The first question that I’m usually asked by clients is “Where do I even start?”. Good question! Here are a few points to consider:
- Do you patch ALL of the machines on your network diligently?
- Do you have a network firewall in place, and do you run antivirus on every client?
- Are your machines locked down (users are not using admin accounts, machines locked down, etc.)
- Is the software you use commercially supported (can you get patches for every piece of software and are you patching it (including that old legacy accounting system!))?
- Have your users been trained on internet safety and social engineering?
- Does your organization practice good physical security?
If you can answer YES to those three questions, you’ll probably defeat about 90% of the threats out there.
Here are a few facts for you:
- Most remote threats come from the exploitation of vulnerable software running on a user’s PC.
- Adobe products (Flash, Acrobat, & Shockwave), Microsoft Office & Windows, and Oracle Java make up probably 70% or more of the actively exploited vulnerabilities out there.
- COUNTERMEASURE: Keep these products patched, and you’ll avoid a lot of potential problems.

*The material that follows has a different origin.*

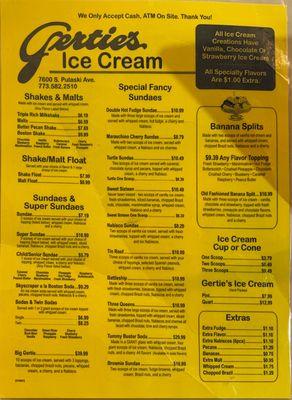 Menu for Ice Cream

- Most hacks don’t come from the outside, most hacks come from people opening a spear-fishing email that infects their computer, which then beacons out to the attacker.
- Spear-Fishing emails are very convincing. A Spear-Fishing email is a custom-crafted email designed to trick a user into opening a link to an infected website or open an infected file.
- If your organization is truly the target of an attack the perpetrator will not relent until they get a successful compromise.
- COUNTERMEASURE: Train your users to spot suspicious emails and have a good enterprise filter in place.
- Many infections include key-loggers, which collect authorized logins that the attacker can use to penetrate your network.
- COUNTERMEASURE: Run Host Based Intrusion Detection Software / Intrusion Prevention Software (IDS/IPS)
- Once an attacker has a foothold on the target network, they use the infected machine to infect others. They infect several other machines inside the firewall so they always have a path back into the network in case the virus is discovered. This is called a “Digital Beachhead”, “Persistent Threat”, or “Advanced Persistent Threat”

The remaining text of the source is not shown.